* _DATA EXTRACT_
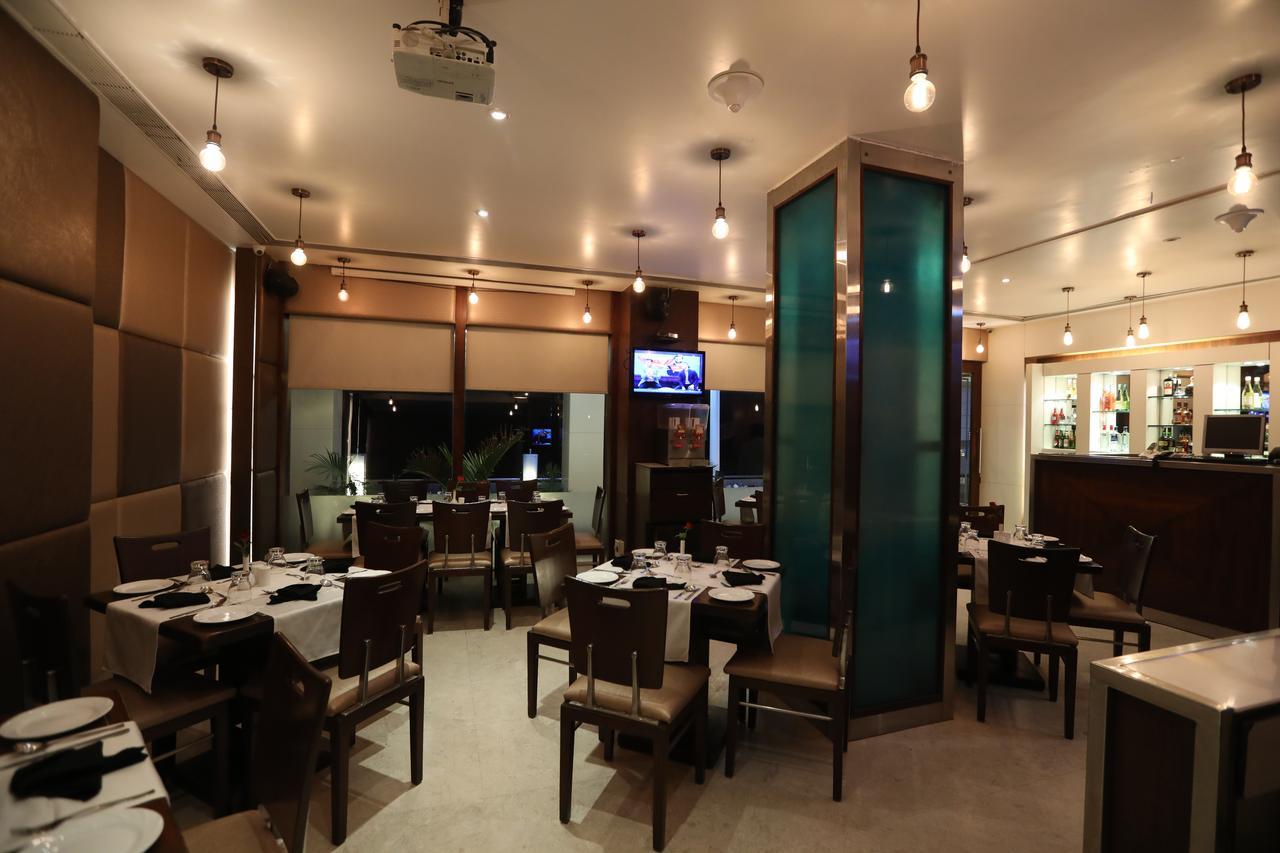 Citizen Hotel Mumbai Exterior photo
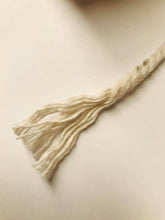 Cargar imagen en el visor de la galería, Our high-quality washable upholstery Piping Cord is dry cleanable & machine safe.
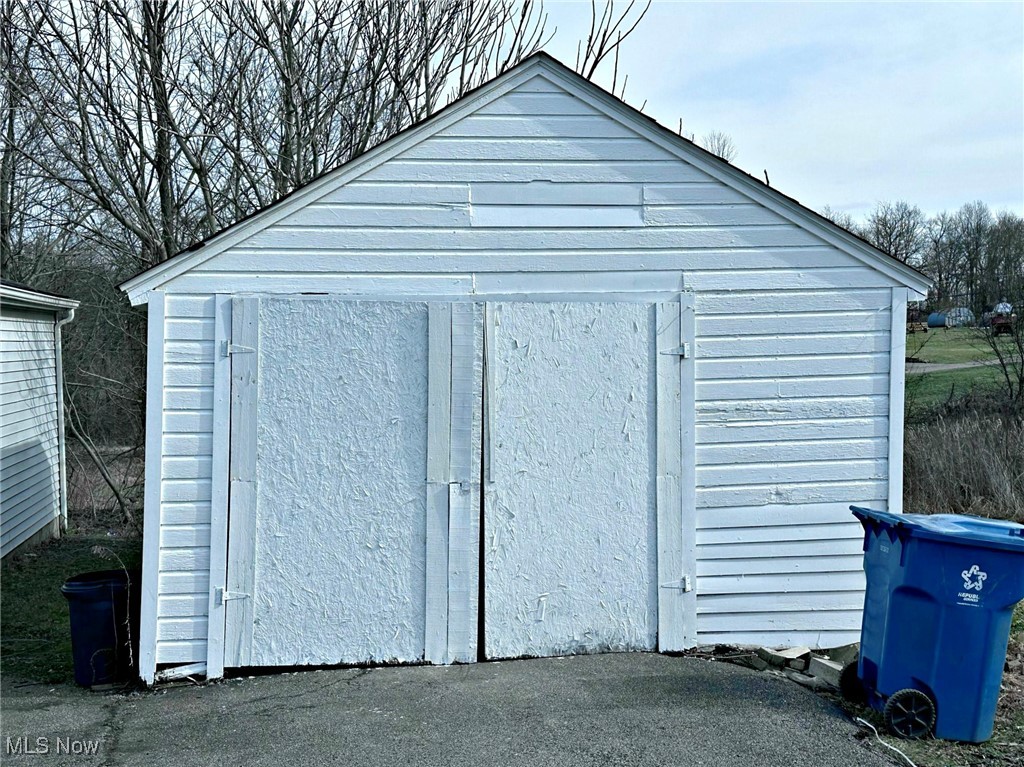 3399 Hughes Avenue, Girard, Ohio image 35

* _ABOUT THIS EXERCISE_
Please output the material as written, apart from the images.

* _TASK OUTPUT_
 Citizen Hotel Mumbai Exterior photo
 Cargar imagen en el visor de la galería, Our high-quality washable upholstery Piping Cord is dry cleanable & machine safe.
 3399 Hughes Avenue, Girard, Ohio image 35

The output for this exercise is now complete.